Decisão: REJEITADO O RECURSO.
Área Temática: DIR PROC PENAL.
Legislação Nacional: DL 454/91 DE 1991/12/28 ART11 N3 NA REDACÇÃO DO DL 316/97 DE 1997/11/19.
CP95 ART2 N2.
CPC67 ART671 N1.
Sumário: I - Condenado o arguido, por sentença transitada em julgado, como autor de um crime de cheque sem provisão, não constando da mesma qualquer elemento factual que permita concluir que o cheque é pós-datado, não pode, no respectivo processo, fazer-se prova de que se trata de cheque emitido com data posterior à da sua entrega ao lesado, por se mostrar esgotado o poder jurisdicional do juiz.

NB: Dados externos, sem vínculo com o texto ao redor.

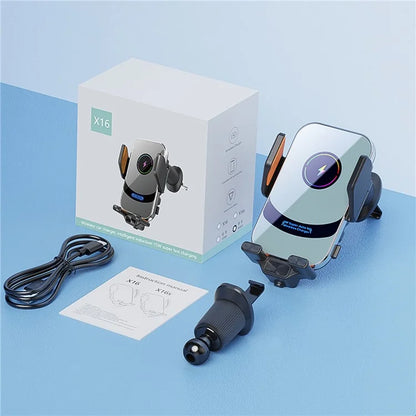 TASX X16 Smart Sensor Air Vent Phone Holder Automatic Wireless Charger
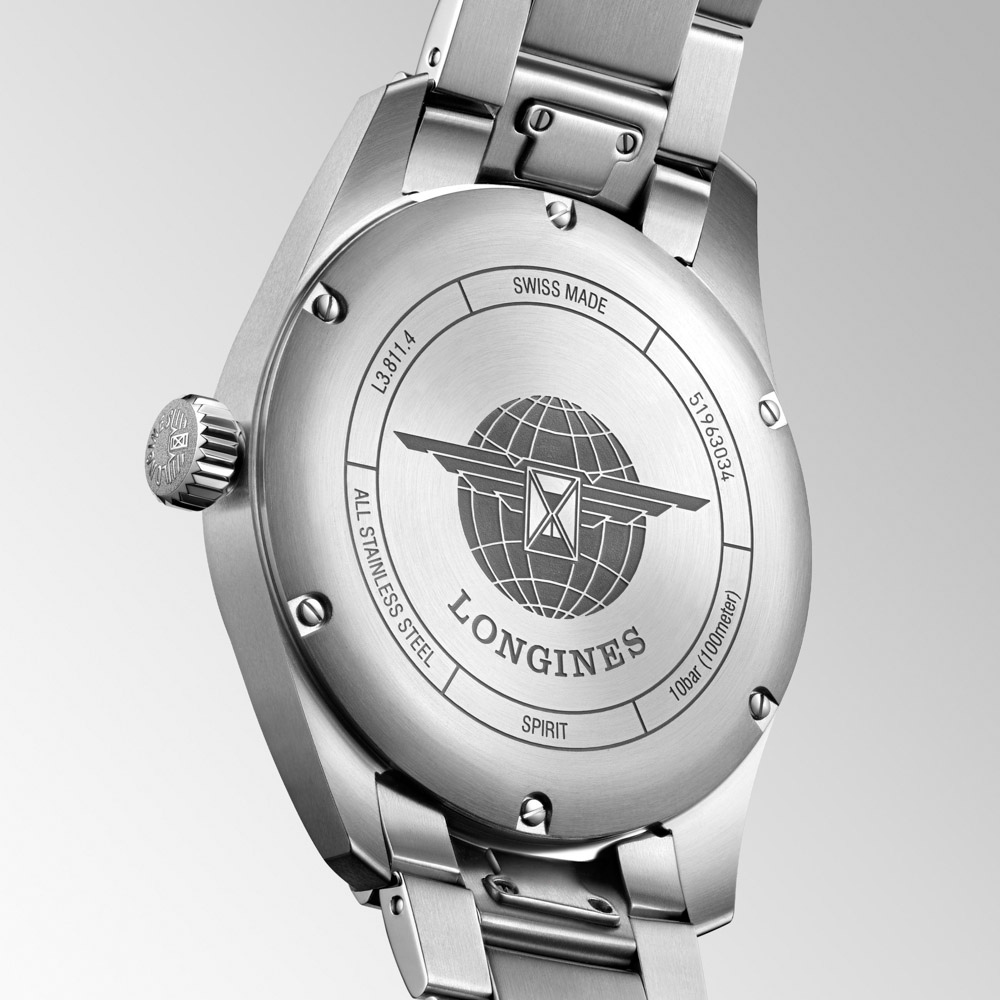 Longines Spirit L3.811.4.03.6 Αυτόματος Ανοξείδωτο ατσάλι Μπρασελέ Πράσινο ματ χρώμα καντράν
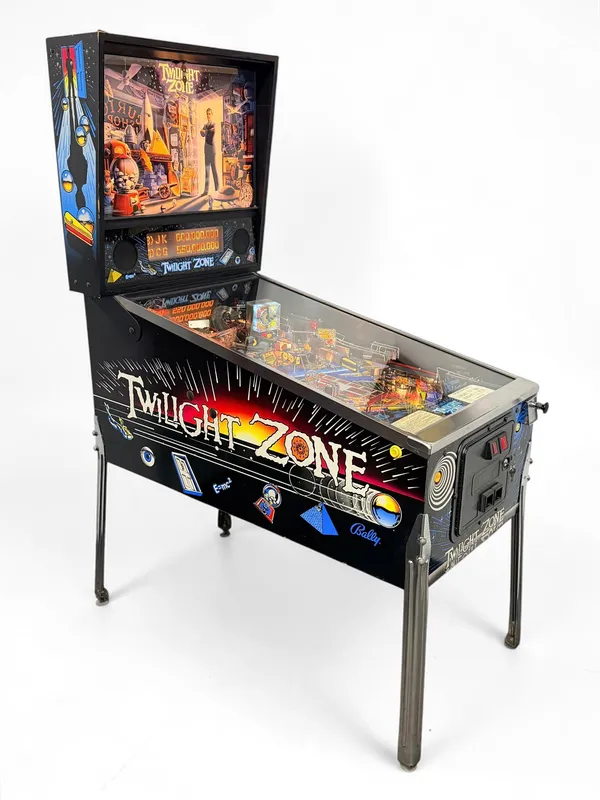 Vintage "Twilight Zone" Bally Pinball Machine from auction in Saint Paul, Minnesota
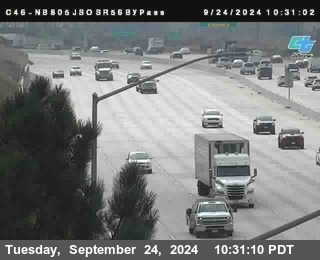 NB 805 at NB 805/5 Merge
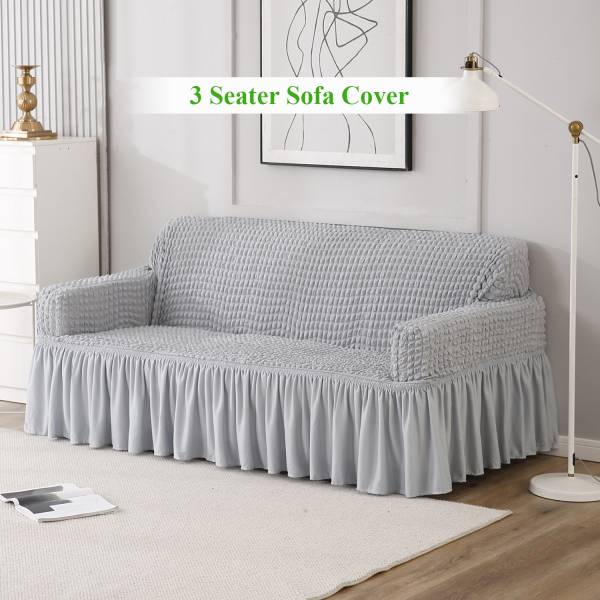 HOKiPO Polyester Plain Sofa Cover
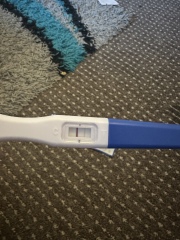 First response-very faint line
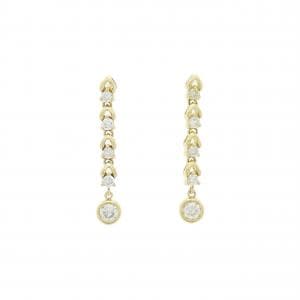 K18YG/18KYG ダイヤモンド ピアス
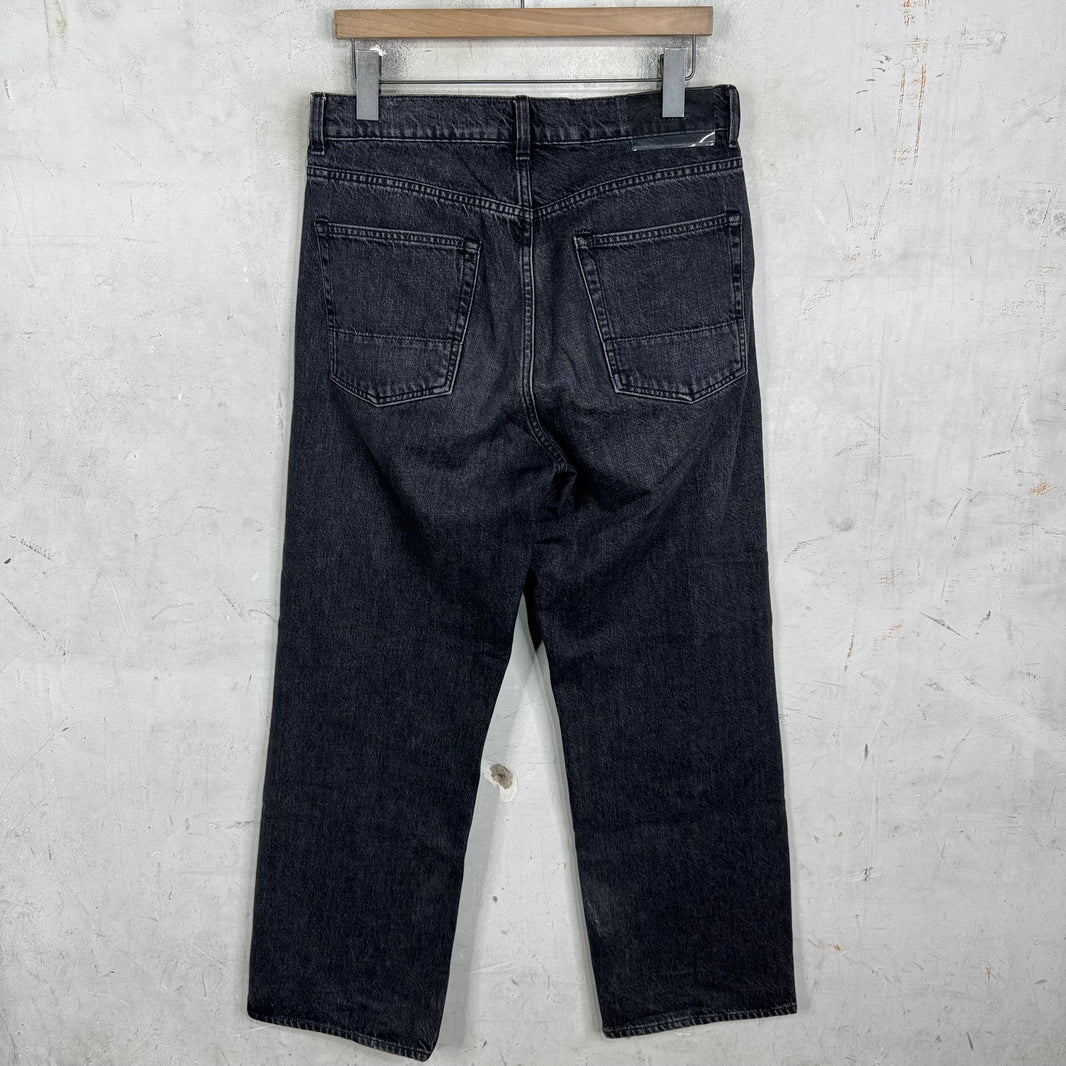 Our Legacy Third Cut Butterfly Knee Jeans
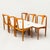 A newly restored set of six iconic "Juliane" dining chairs in solid teak and Edelman leather, designed by Johannes...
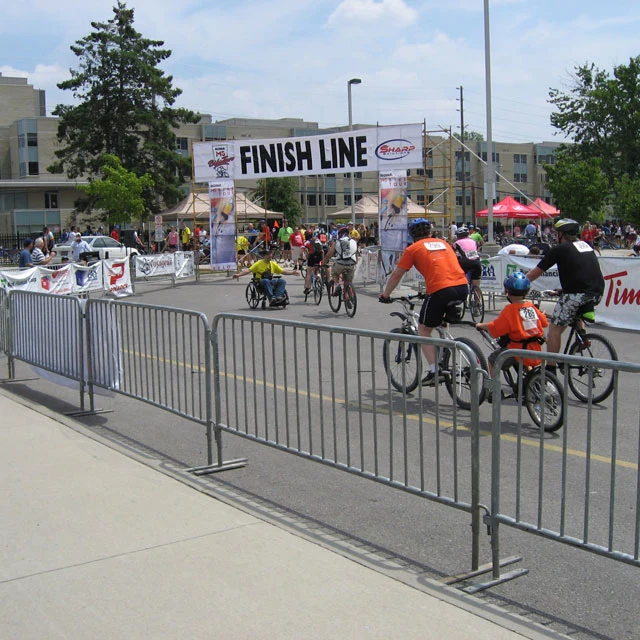 8 FT. Light Weight Interlocking Steel Barricade/Crowd Control Barrier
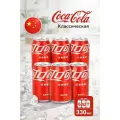 Газированный напиток Кока-Кола классическая (Coca-Cola), 6 шт * 330 мл, Китай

II - Pretendendo o arguido demonstrar que se trata de cheque pós-datado e que por isso tal conduta se encontra descriminalizada ( nova redacção do n.3 do artigo 11 do Decreto-Lei n.454/91, de 28 de Dezembro ), só o poderá fazer através do recurso de revisão.